Your task —
I'd ask you to write out the lines below exactly, with no images.

-------- Data section

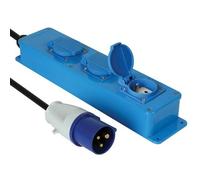 Perel Multiprise extérieure, 3 Prises Type E avec Capuchons, Prise CEE, câble néoprène 3 m H07RN-F 3G2.5, IP44 étanche, adaptée pour Jardin, Atelier et Chantier, Noir-Bleu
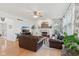 Cozy living room with hardwood floors, a fireplace, and comfortable leather furniture at 14162 Nicholas Dr, Carmel, IN 46074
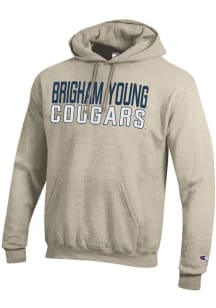 Champion BYU Cougars Mens Oatmeal Powerblend Long Sleeve Hoodie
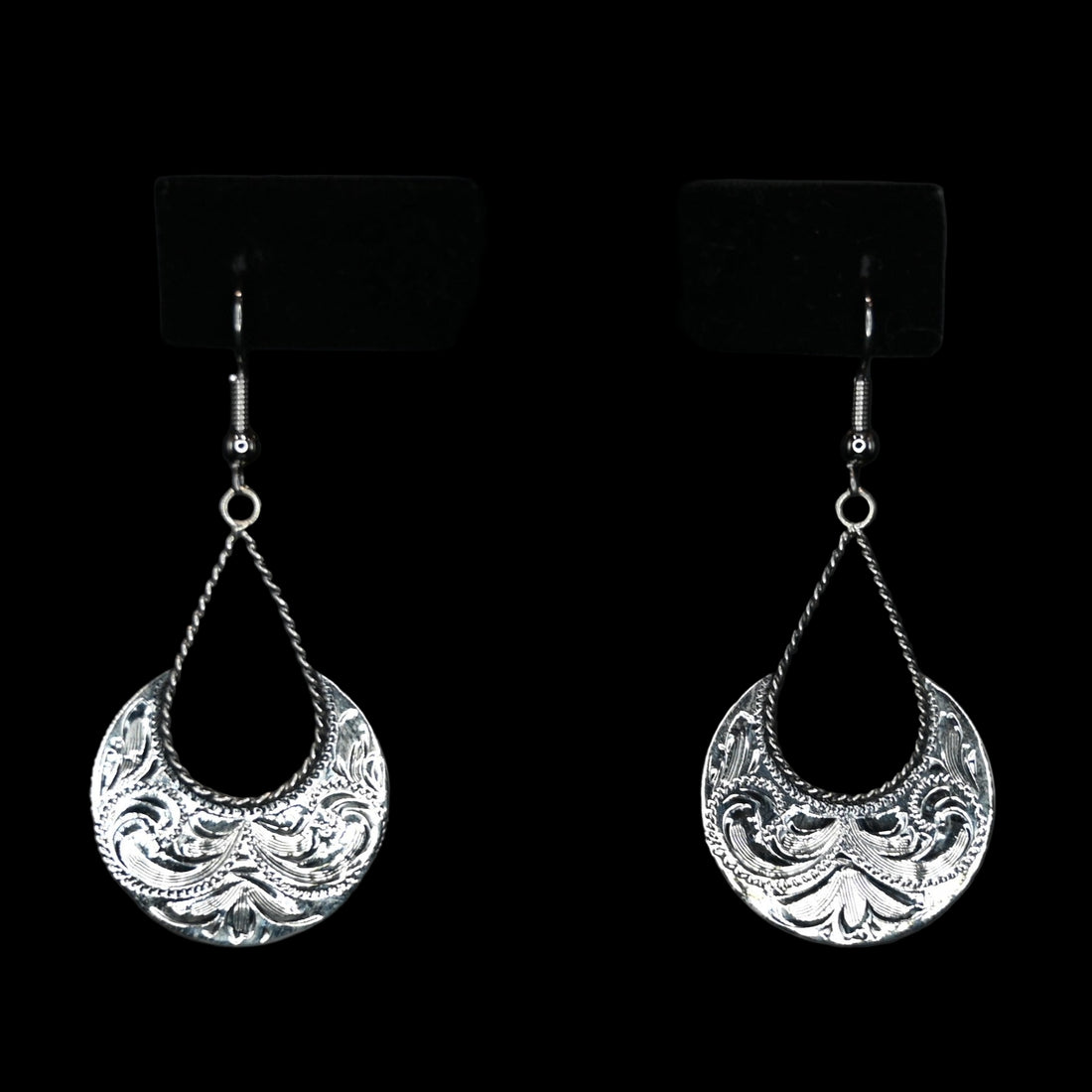 Vogt Silversmiths Silver Canyon sterling silver engraved earrings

----------------

Solution to the problem —
 Perel Multiprise extérieure, 3 Prises Type E avec Capuchons, Prise CEE, câble néoprène 3 m H07RN-F 3G2.5, IP44 étanche, adaptée pour Jardin, Atelier et Chantier, Noir-Bleu
 Cozy living room with hardwood floors, a fireplace, and comfortable leather furniture at 14162 Nicholas Dr, Carmel, IN 46074
 Champion BYU Cougars Mens Oatmeal Powerblend Long Sleeve Hoodie
 Vogt Silversmiths Silver Canyon sterling silver engraved earrings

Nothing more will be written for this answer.